There is evidently some error in this configuration but I cannot see what it is.  When I attempt to ping 192.168.151.1 from vhost05 there is no route to host.  Likewise, when I ping from gway04 to 192.168.151.5 there is no route to host.   What am I doing wrong?


----------



## SirDice (Feb 14, 2019)

Does your switch support VLANs? And is the port on the switch configured as a trunk (tagged)?

Note that your gateway host is mixing native VLAN (no VLAN id; i.e. untagged) and VLAN tagged on the same interface. That's possible but requires a specific configuration on the switch.

Edit:


byrnejb said:


> I have three bare metal hosts connected on a single non-managed switch.


That's never going to work.
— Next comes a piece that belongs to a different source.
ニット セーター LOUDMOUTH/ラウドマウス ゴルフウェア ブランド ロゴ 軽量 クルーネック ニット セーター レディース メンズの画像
You need a managed switch with VLAN support.


----------



## phoenix (Feb 14, 2019)

SirDice said:


> That's never going to work. You need a managed switch with VLAN support.



Depends.  There are some unmanaged switches that are "vlan-aware".  Meaning, they will pass vlan tags through untouched, basically treating every port as a hybrid port with every vlan tag enabled.  They won't add or remove tags, though, so every port has every vlan tag enabled.  They're a pain to debug vlan issues with, though.  HP ProCurve 1400 series do this, for example.

That being said, if you want to play with vlans, then you need to make sure everything in the network between the hosts supports proper vlan tagging (aka managed switches, access points with vlan support, routers with vlan support, etc).


----------